While terms of the deal were not disclosed, those in the know speculate that IBM may have spent near $2B for the rights to take over the Weather company’s technical operations.
“The Weather Company’s extremely high-volume data platform, coupled with IBM’s global cloud and the advanced cognitive computing capabilities of Watson, will be unsurpassed in the Internet of Things, providing our clients significant competitive advantage as they link their business and sensor data with weather and other pertinent information in real time,” mentions John Kelly, a Senior Vice President with IBM.
“This powerful cloud platform will position IBM to arm entire industries with deep multimodal insights that will help enterprises gain clarity and take action from the oceans of data being generated around them.”
Just a few weeks ago, CloudWedge published an article called No Surprise: Weather Company Uses Cloud to Forecast Bad Weather.
In the article, we discussed how the Weather Company planned on migrating their remaining workloads into the cloud.
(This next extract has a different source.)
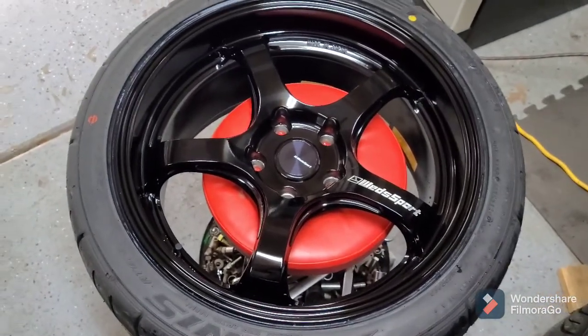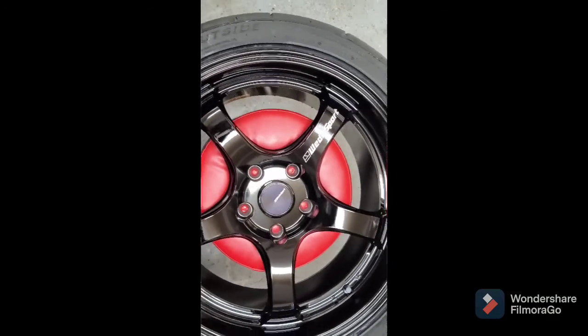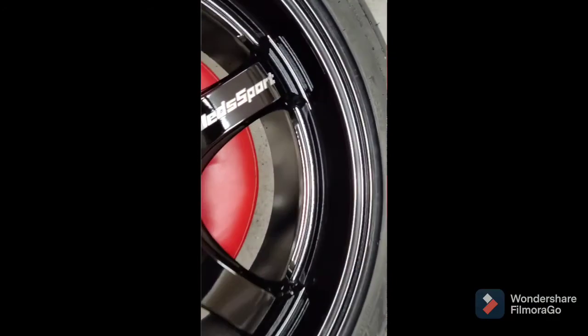All right, look at that — applied it in a pattern and buffed it off.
At that time, the Weather Company indicated that they had been using IBM’s SoftLayer to roll out infrastructure for the company’s digital assets.
The Weather Company said that only 10% of their servers were in the SoftLayer cloud while the remaining were on AWS. That news must have worked its way up the chain as IBM, with IBM seemingly making the Weather Company an offer they couldn’t refuse.
With IBM taking over the backend for the Weather Company’s digital assets, you can safely assume that the Weather Company’s workloads will begin operating out of SoftLayer data centers.
Since IBM likely spent billions on this project, Big Blue will probably use this as a way to market their cloud services, pitching the fact that your weather is brought to you by Watson in the Cloud.